INSTRUCTIONS FOR THE TASK: Return the full listing character for character, without its pictures.

COLLECTED MATERIAL:

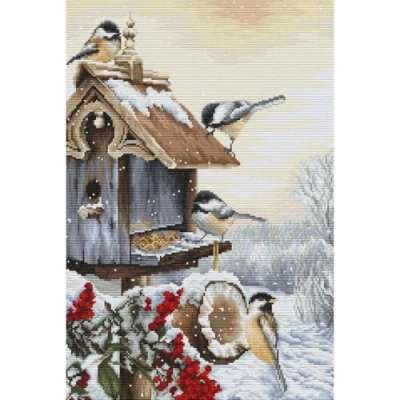 Image of Luca S Cross Stitch Set, Multicoloured, 20x14cm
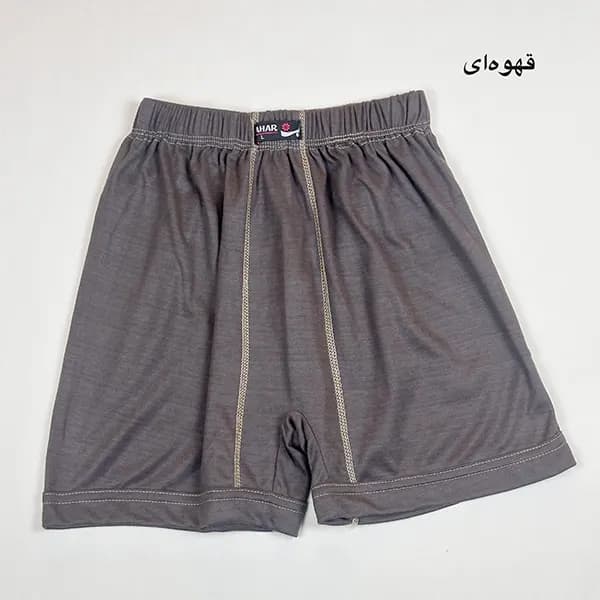 شورت پادار رنگی L — تصویر ۴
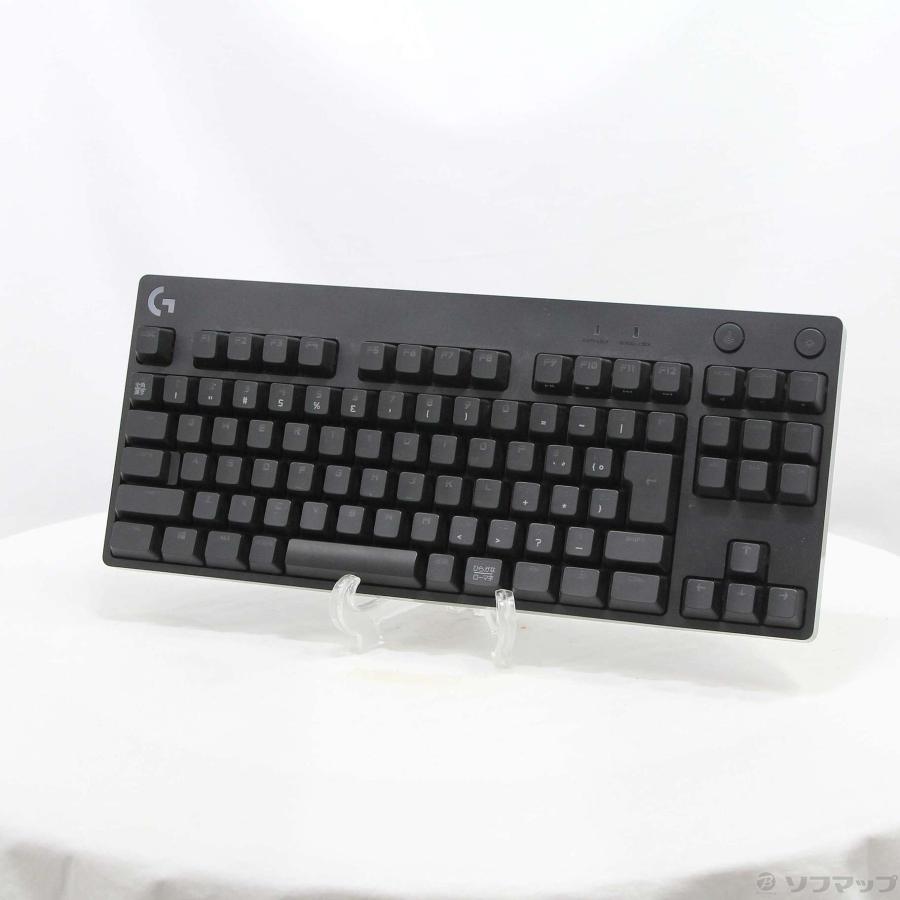 〔中古〕logicool(ロジクール)  〔展示品〕 PRO Gaming Keyboard G-PKB-002LN 赤軸 | logicool | 01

TASK ANSWER:
 Image of Luca S Cross Stitch Set, Multicoloured, 20x14cm
 شورت پادار رنگی L — تصویر ۴
 〔中古〕logicool(ロジクール)  〔展示品〕 PRO Gaming Keyboard G-PKB-002LN 赤軸 | logicool | 01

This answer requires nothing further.